Worldwide Tax News
Benin has published Law No. 2018/39 of 28 December 2018, which includes the finance measures for 2019. One of the main tax-related measures includes that the deductibility of interest expenses incurred on loans granted by shareholders or other related parties are subject to the following limitations:
- The value of loans should not exceed the share capital value (except for holding companies);
- Interest expenses should not exceed 30% of EBITDA;
- The interest rate should not exceed the average rate of the central bank of West African countries increased by three (3) percentage points;
- The Reimbursement period should not exceed 5 years; and
- The share capital of the company must be fully paid up.
The new limitations are effective 1 January 2019.
Another important tax-related measure is a full waiver of tax fines and penalties that will be granted for persons operating in the informal sector and submitting their tax return with respect to the previous tax periods for the first time during the period from 1 January 2019 to 31 December 2019. The principal amount of tax should be fully paid. However, taxpayers under a tax audit do not qualify for the amnesty scheme.
Brazil has published Ordinance No. 2176/2018, which sets out the selection criteria for the differentiated and special tax monitoring programs for 2019. Differentiated tax monitoring involves periodic evaluations of a taxpayer's tax behavior and collection of taxes to identify any inconsistencies. If inconsistencies are identified, the taxpayer is listed as a priority for auditing purposes. Special tax monitoring applies only for large corporate taxpayers and involves additional actions to ensure priority treatment to conclude any tax demands and disputes.
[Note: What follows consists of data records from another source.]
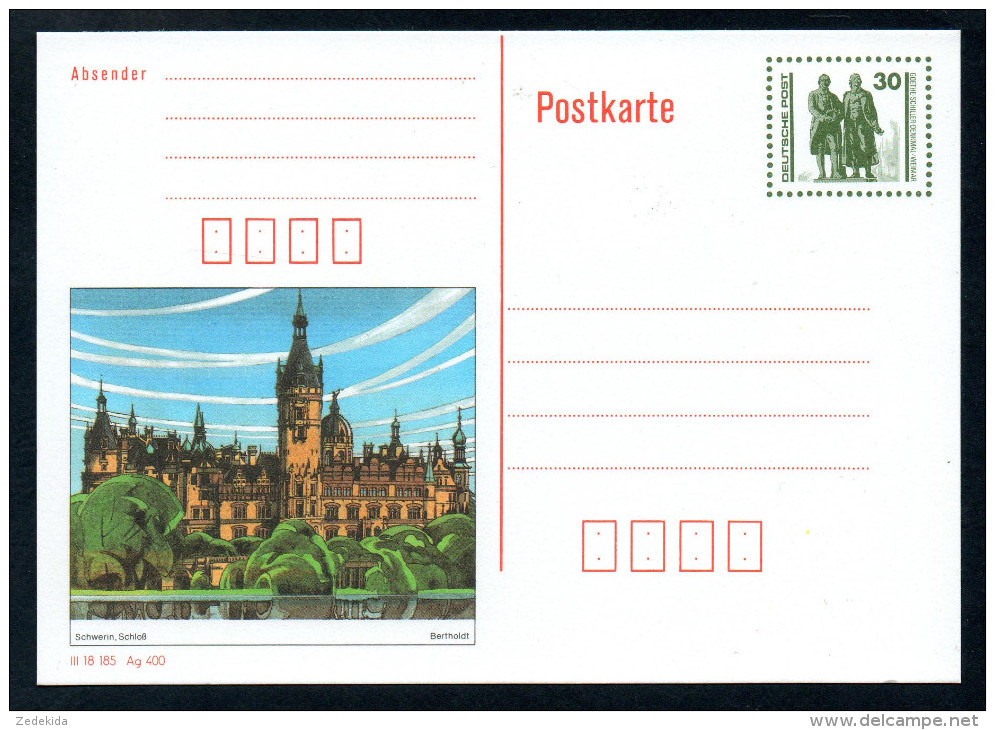 8312 - Alte Postkarte - Ganzsache - DDR TOP - Privatpostkarten - Ungebraucht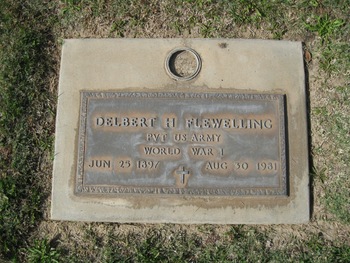 Flewelling, Delbert Harold gravesite
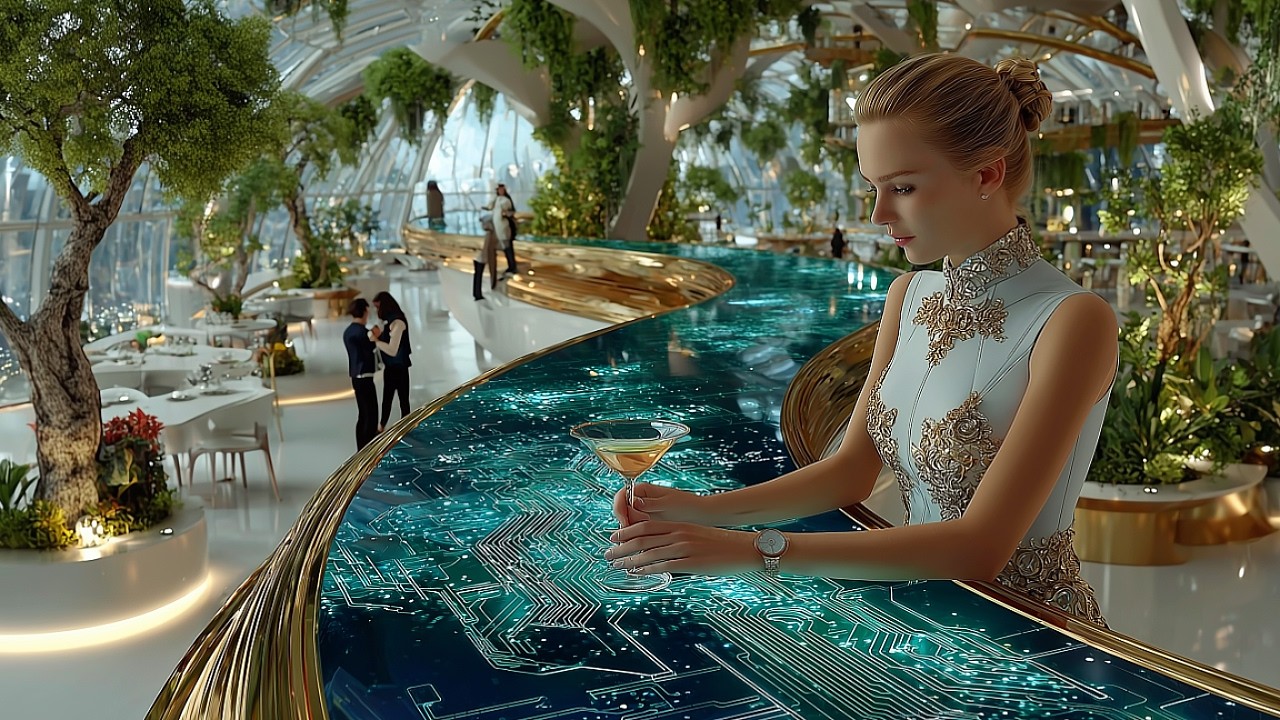 Smart Golden Cities of 2100 (4K) | 1 Hour Nature + Sci-Fi Future City Exploration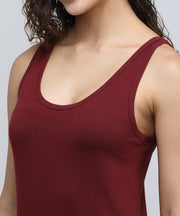 Women's Long Slip_Brown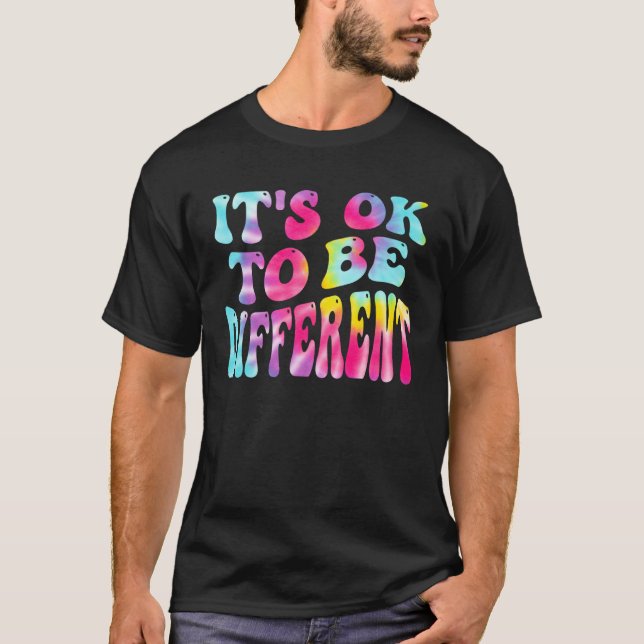 Its Ok To Be Different Autism Awareness Women Girl T-Shirt (Vorderseite)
For 2019, corporate taxpayers will be subject to differentiated tax monitoring if any of the following conditions are met:
- Annual gross income exceeding BRL 250 million in the 2017 calendar year;
- Declared tax debits in the tax return exceeding BRL 30 million in the 2017 calendar year;
- Annual payroll exceeding BRL 65 million in the 2017 calendar year; or
- Social security contribution (INSS) and employer's contribution to the unemployment guarantee fund (FGTS) debits exceeding BRL 30 million in the 2017 calendar year.
For 2019, large taxpayers will be subject to special tax monitoring if any of the following conditions are met:
- Annual gross income exceeding BRL 1 billion in the 2017 calendar year;
- Declared tax debits in the tax return exceeding BRL 70 million in the 2017 calendar year;
- Annual payroll exceeding BRL 100 million in the 2017 calendar year; or
- INSS and FGTS debits exceeding BRL 70 million in the 2017 calendar year.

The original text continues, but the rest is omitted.